This repository illustrates the use of skillmodels - a python package for the estimation of non-linear skill formation models and other non-linear dynamic latent factor models.
The code is structured according to the Project Templates by Hans-Martin von Gaudecker that can be found here. To run the code you need Conda. If you use Anaconda or Miniconda you already have it. Else, see here for installation instructions.
After cloning the repository, open a shell in its main directory. You can then type:
- source set-env.sh (on Mac or Linux) or set-env.bat (on Windows). This will install the necessary Python packages (including skillmodels and its dependencies) in a conda environment.
- python waf.py configure to configure waf.

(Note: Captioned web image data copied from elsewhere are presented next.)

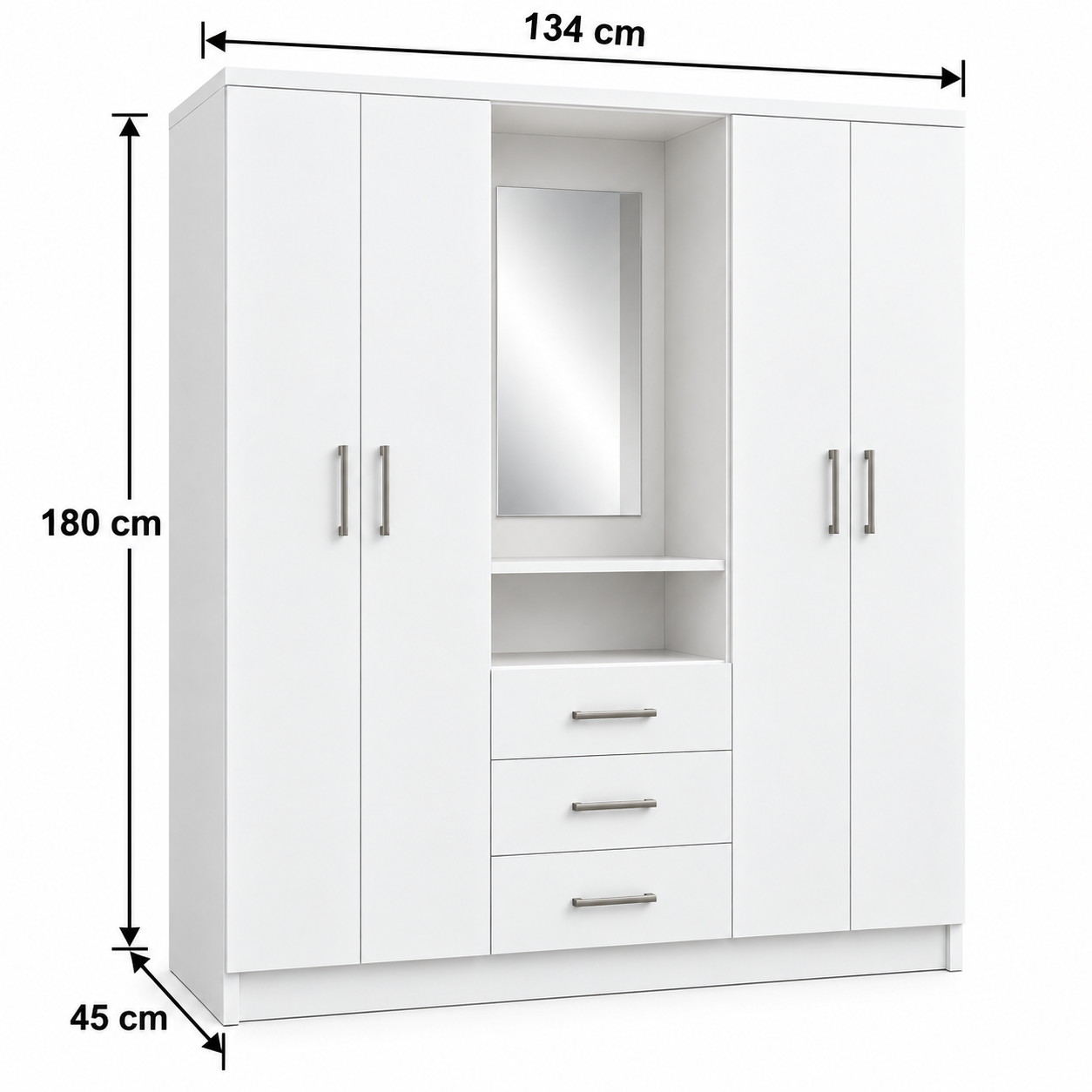 Ropero de Melamina 18 mm Blanco de 180 cm con 4 Puertas, Espejo y 3 Cajones | Innovaciones Lumik - Imagen 3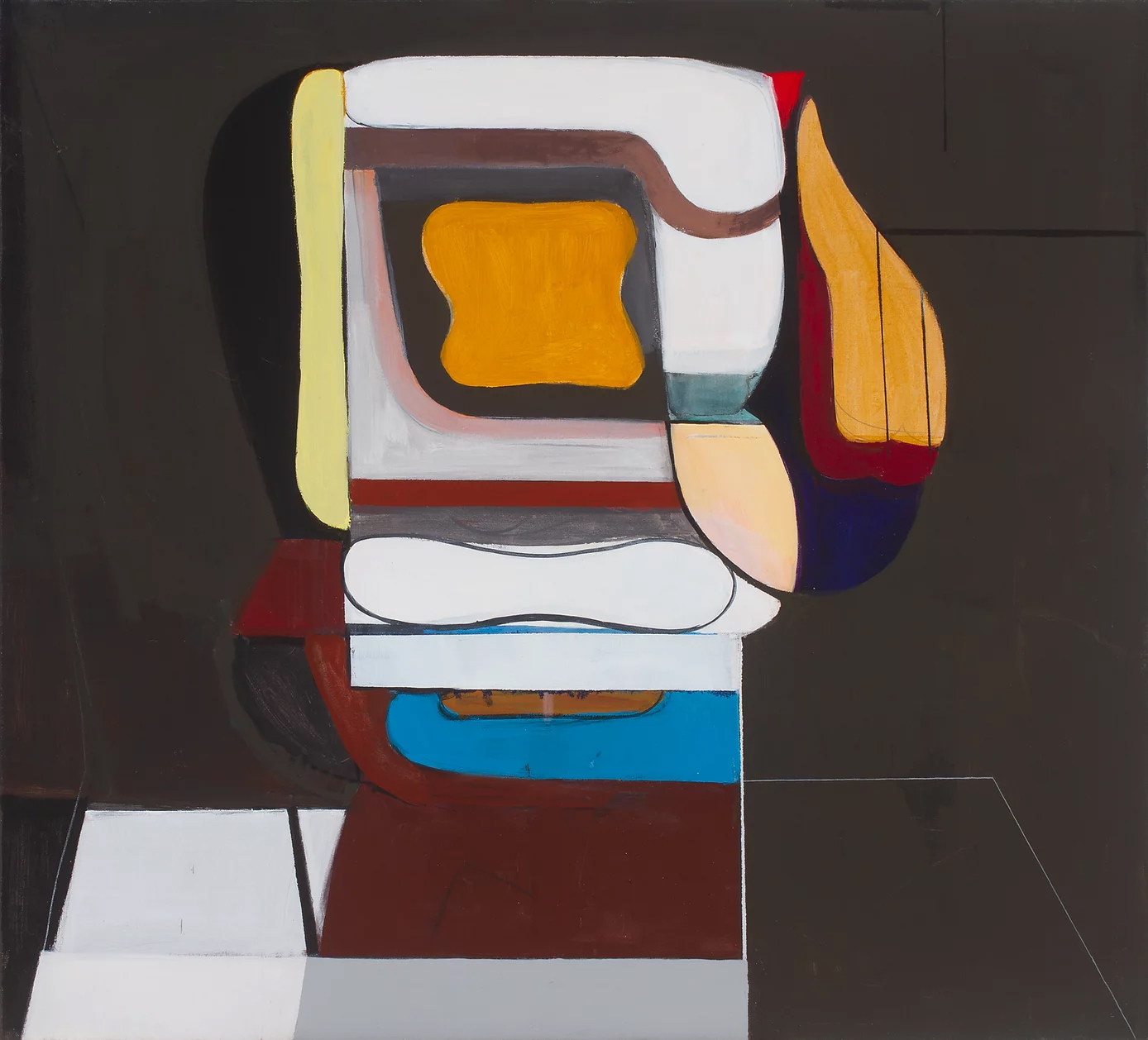 Katalin Hetey: Divided Form 1972 acrylic on canvas 100 x 110 cm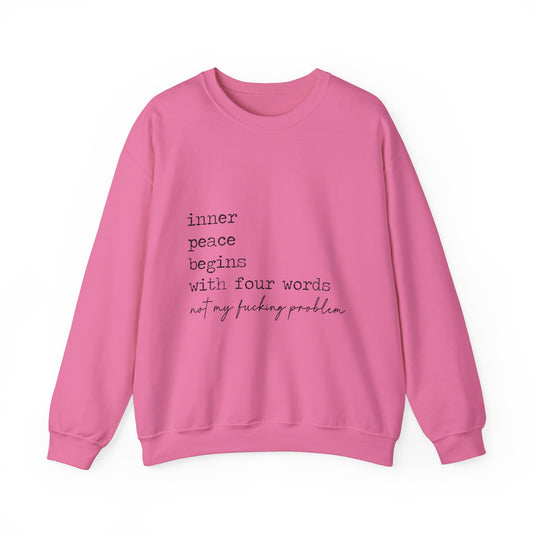 Inner Piece Begins Heavy Blend™ Crewneck Sweatshirt Front and Back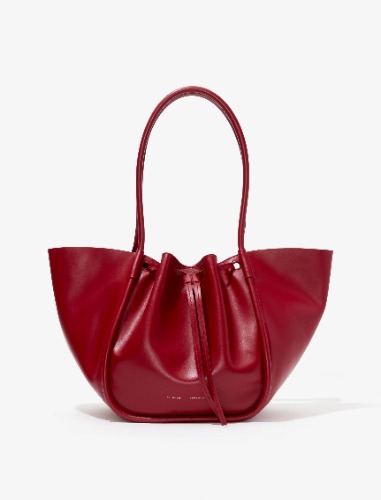 Large Ruched Tote in Shiny Calf | Rosewood / OS / HB243067-C524S-615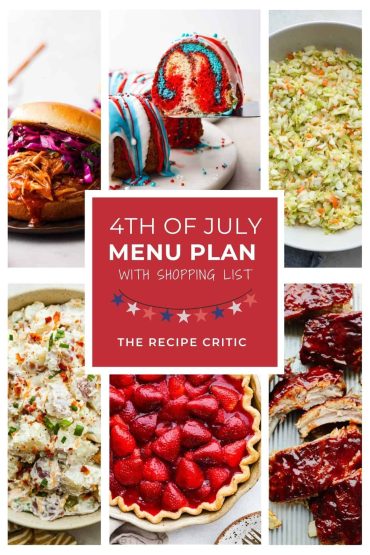 4th of July Menu Plan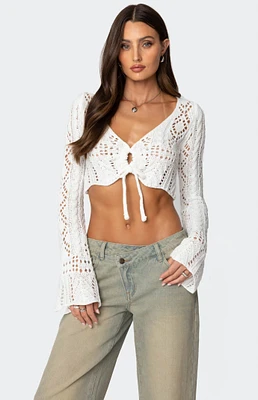 Edikted Tie Front Crochet Crop Top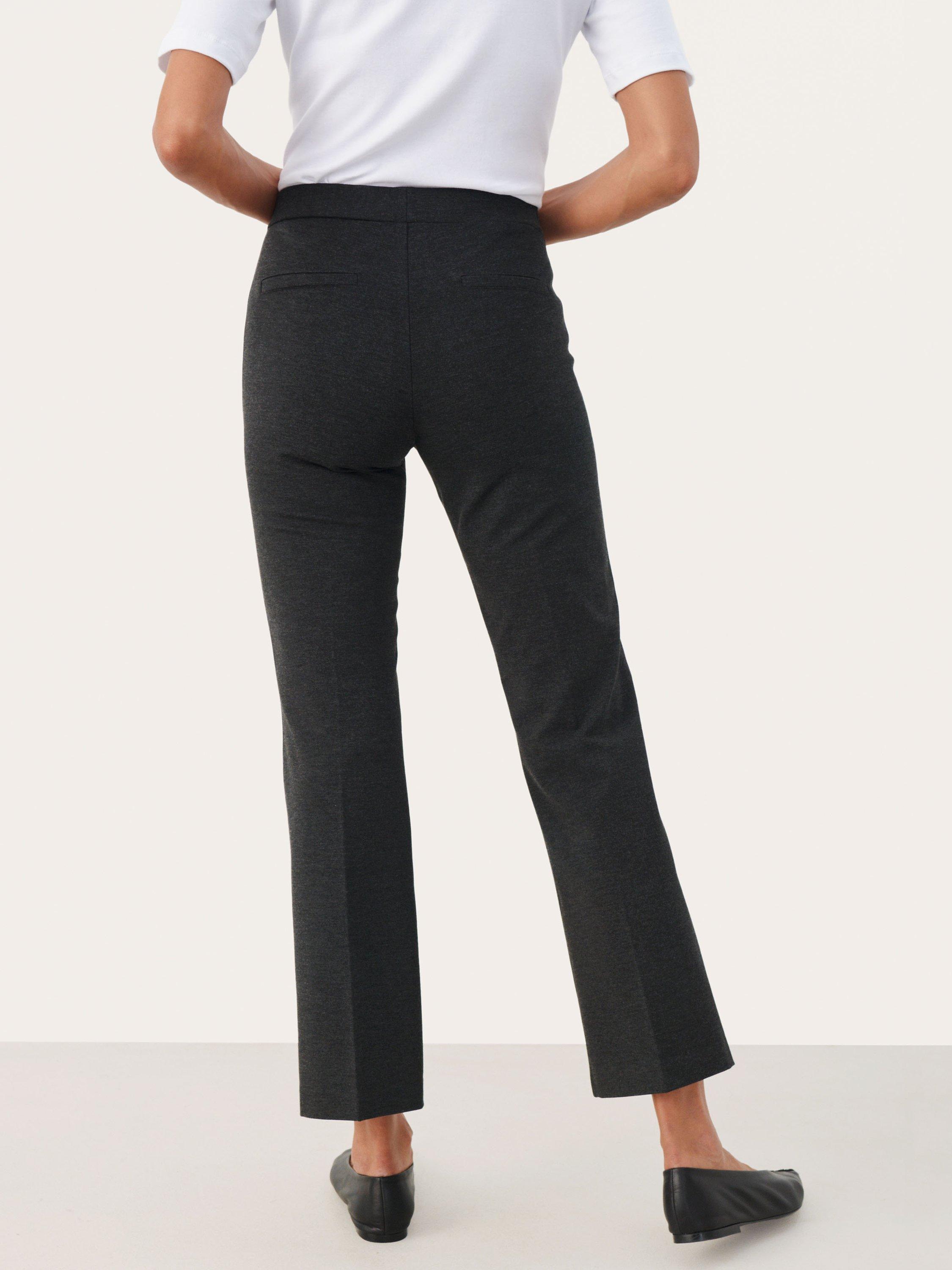 Product image 2 of 6, which shows Part Two Ponta Cropped Comfort Waist Trousers, Dark Grey, 8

- python waf.py to run the project
The last step will take a minute or two because it runs one model with each estimator:
- An example model from the replication files of the CHS paper is estimated with the chs estimator. (In order to save computation time the maximization of the likelihood function is started with the correct values; with worse start values it takes more than an hour to fit the models but the results are the same).
- A model with simulated data is estimated with the WA estimator. (In order to save computation timpe, the number of bootstrap replications for the standard error was set to a very low number.)
After it has completed you will find plots of a comparison of skillmodels results and the fortran results from the CHS replication files in the bld directory. In the same place you can find csv files with the estimated parameters of both models.